Honey, we have to take a moment together. Girlfriend, I used to live in your state. Registered Democrat. Known troublemaking activistic type.
While I was there, a tall charismatic red headed irish dude was running for governor against a really really smart though standoffishly quirky college president. Republican versus Democrat.
And actually, considering some things the college prez did while he was in office were a touch on the odd side, he was still way up in the polls over the red head.
Until ... two words ...
Natalie Jacobson.
She was a too chirpy, too perky, too big haired anchorette of the WCVB-TV 5 (ABC affiliate) television station. The hair height did come down over time.
But back to why I gotta chat with you sistagirl.
John Silber. Shake the dust and think back.

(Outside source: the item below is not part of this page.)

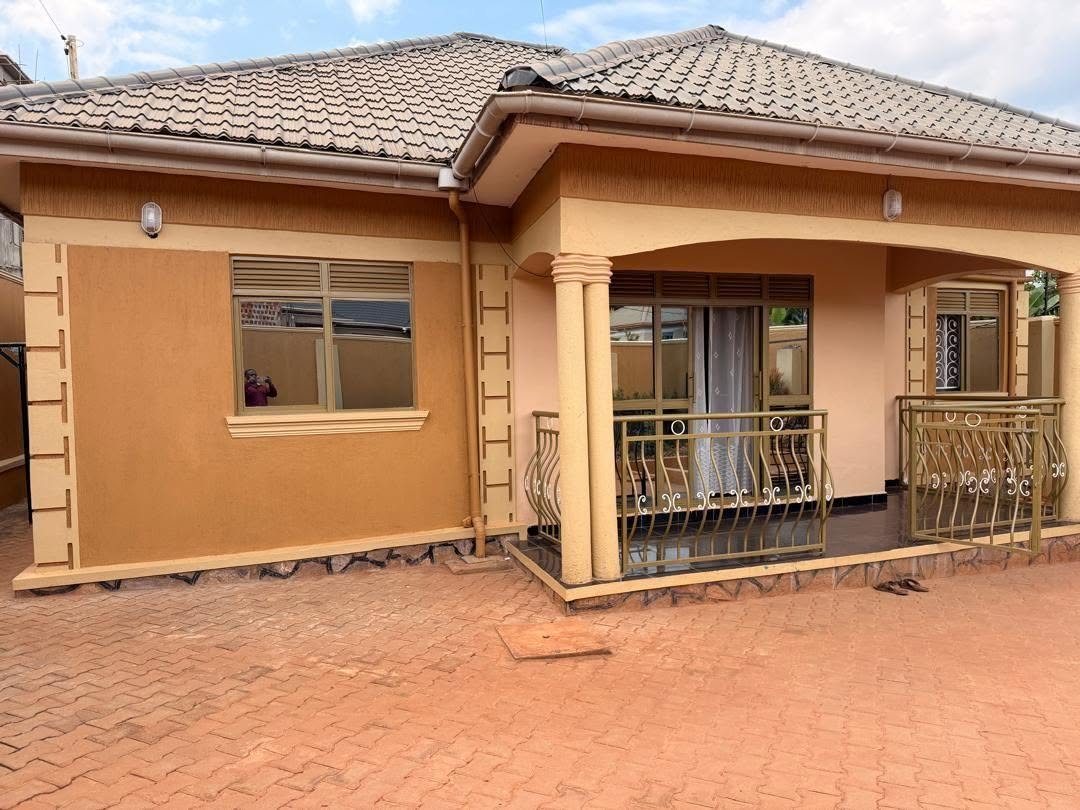 A picture of House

Natalie was playing with the kid or the dog on the floor with his wife on one side and him on the other. She asked him what his strengths and weaknesses were. People in Massachu were trying to get to know the real him. They seemed to have made peace with all he did before.
Then he unraveled.
He snapped at her, and I will always recall the look on her face. It wasn't a gotcha question, but he reacted like it was. And his tone and chosen words of response set into motion several years of acceptable republicans in rather high positions for what is claimed to be such a blue state.
So it is with great distress to hear that, sistagirl, you are a mess.
How could you turn a cakewalk into crumbs? By thinking 'Senator Coakley' was all a predestined affair I suppose. Did someone think this was the senior class in high school, and who votes for the kid with the pocket protector?
I voted for the red head that year. Silber lost my vote too.